When I show two stones of a similar price to a client, and one is noticeably larger, that's one of the first optical properties people notice.
Yes of course sparkle, life, fire and contrast are part of the equation, but removing the physical size eliminates one of the most obvious optical properties.
Not when it's greater than 9 out of 10 people. :bigsmile:
AS far as 9 out of 10 people agreeing....Jon, if presented with 100 random oval diamonds of the virtual database, let's say we'd both probably reject the same 80 on the basis of cut. Of the remaining stones, we might each pick 5-10 as really well cut. But probably not the same 5-10 stones.
So, let's say 9 out of 10 will agree to around 80% to reject.....but the balance of well cut stones presents a different sort of split.

I would not use a round diamond to make a point in a thread about ovals as the parameters are so very different.
Shallow rounds are probably one of the areas I'd agree with 9 out of 10 not liking them- maybe even 95 out of 100 rejecting fish eye shallow rounds.
But Ovals, Pear Shapes. Marquises can have depths in the 50's and still look amazing.
I agree that contrast can generally aid in fighting color absorbtion. However, it's not a hard fast rule.

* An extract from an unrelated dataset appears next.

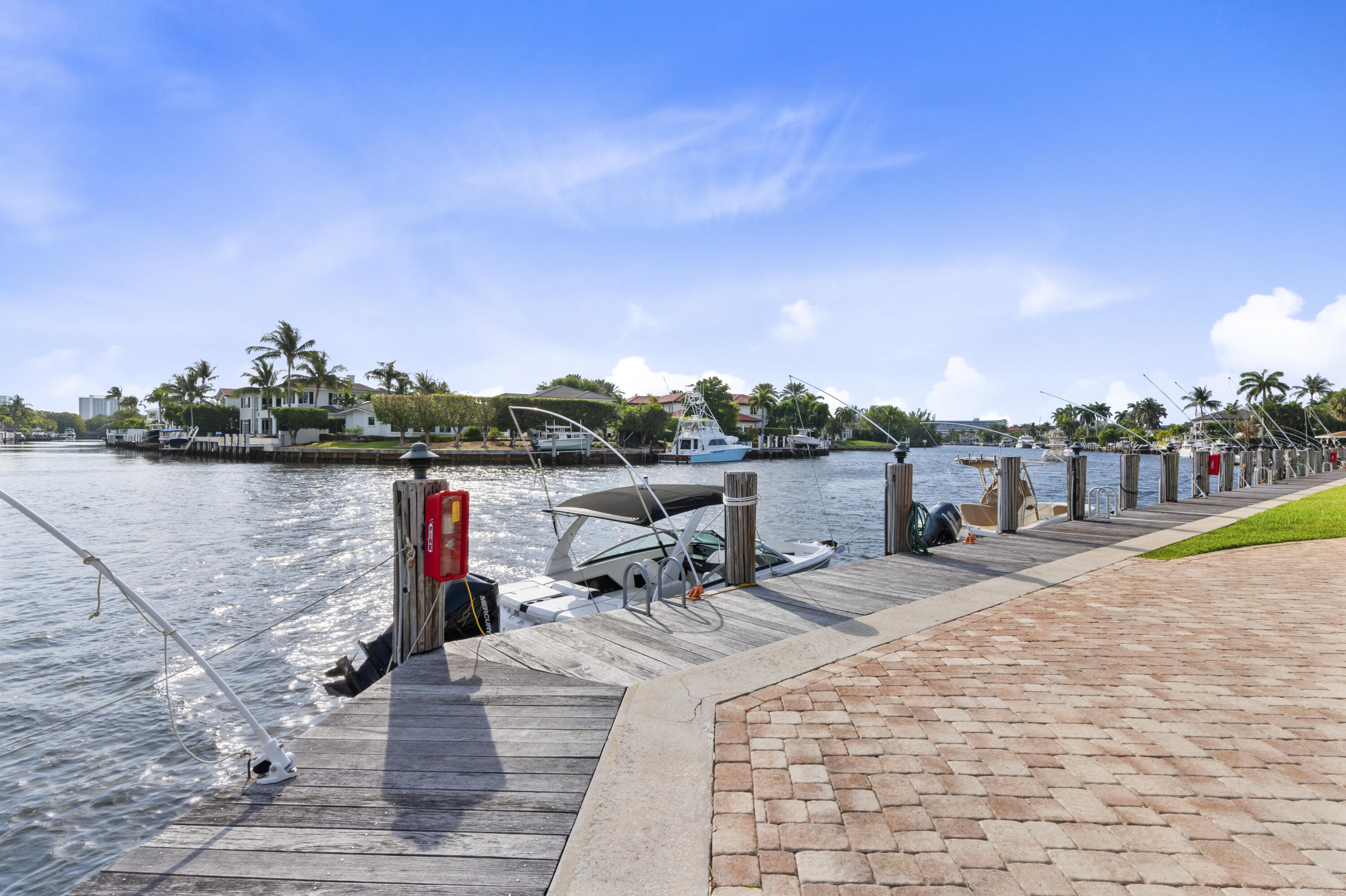 RIVER HOUSE TOWERS CONDO - Residential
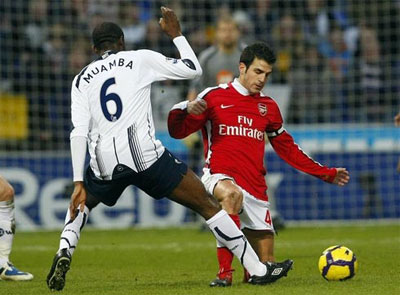 英超综合：法布雷加斯高调回归　阿森纳得胜紧追前两强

Sometimes the right amount of leakage is incredibly beneficial to a diamonds optics with regards to scintillation.
In the best of cases an Oval Mod Bril in a J-K-L color can look whiter due to scintillation and leakage than a given Oval Brilliant which may have more contrast and less leakage.
Likely we'd both agree truly well cut examples are rare when looking at OMB, and OB - even if we wouldn't necessarily choose the same one.